There are, of course, mothers. The power of motherhood has been a bit of a theme recently, notably in the 2011 Christmas special, which merits a blog post of its own. But what seems to be a NuWho phenomenon is that companions now have mums. There’s a reason why fantasy narratives tend to keep parents, particularly mothers, out of the way. They ask awkward questions, they want to know where you’re going, and if you’ll be back in time for tea. A bit like Buffy’s mum, Joyce Summers, who attempts to ground her daughter on the night that a vampire apocalypse looms (OK, on one of the nights…), with the words, ‘I know. If you don’t go out, it’s the end of the world. Everything is life and death to a sixteen-year-old girl!’. Jackie Tyler, Sylvia Noble and Francine Jones all contribute to the narrative primarily by getting in the way, inadvertently, through their fears for their daughters and mistrust of the Doctor, or through naivety. Of the three, it’s Jackie who emerges most fully from the stereotype, to play, albeit briefly, a more active role alongside Sarah Jane, Mickey and Jack. Jackie and Sylvia are played for laughs, however, Jackie for her sexuality, which we are clearly meant to find ridiculous, and Sylvia for her prudishness (she wouldn’t allow webcams as they were ‘naughty’).

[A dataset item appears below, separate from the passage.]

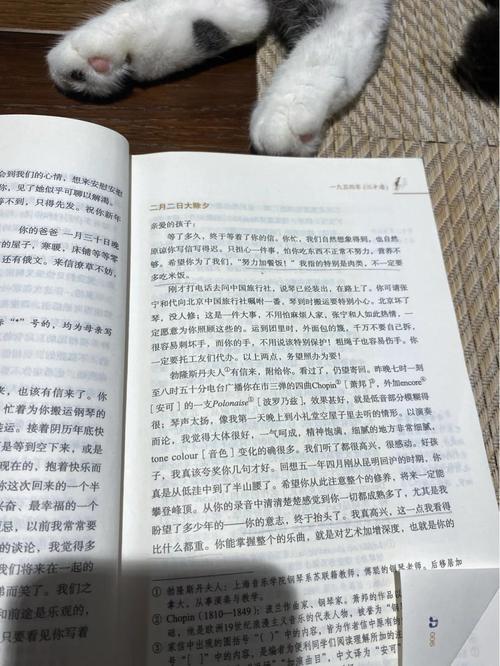 总裁爹地轻点爱全文免费阅读 - 热门小说在线阅读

Of course, companions do become older women, eventually. Sarah Jane Smith is our icon here, the one whose post-Tardis life we know most about. In ‘The Death of the Doctor’ (Sarah Jane Adventures) she and Jo Grant compare notes on other past companions, all clearly changed by the experience of travelling with the Doctor, and now working for the benefit of humanity. Sarah Jane speaks movingly in ‘School Reunion’ of the pain and loss she felt when he left her behind, and Jo’s reaction when she realises Sarah Jane had seen the Doctor shows that she too had felt abandoned. There’s a hint that ex-companions do the things they do in the hope that he will be aware of them, and that they will see him again. Fair enough. The Doctor (so far) is a man, a charismatic, unpredictable, extraordinary man. Those who travel with him, whether or not they harbour romantic or sexual feelings for him, whether or not they maintain a healthy scepticism and have the confidence to challenge him, however their connection with him ends, are scarcely going to forget him, nor are they likely to encounter anything in the rest of their lives that will eclipse those experiences. ‘We get a taste of that splendour and then we have to go back’ (‘School Reunion’).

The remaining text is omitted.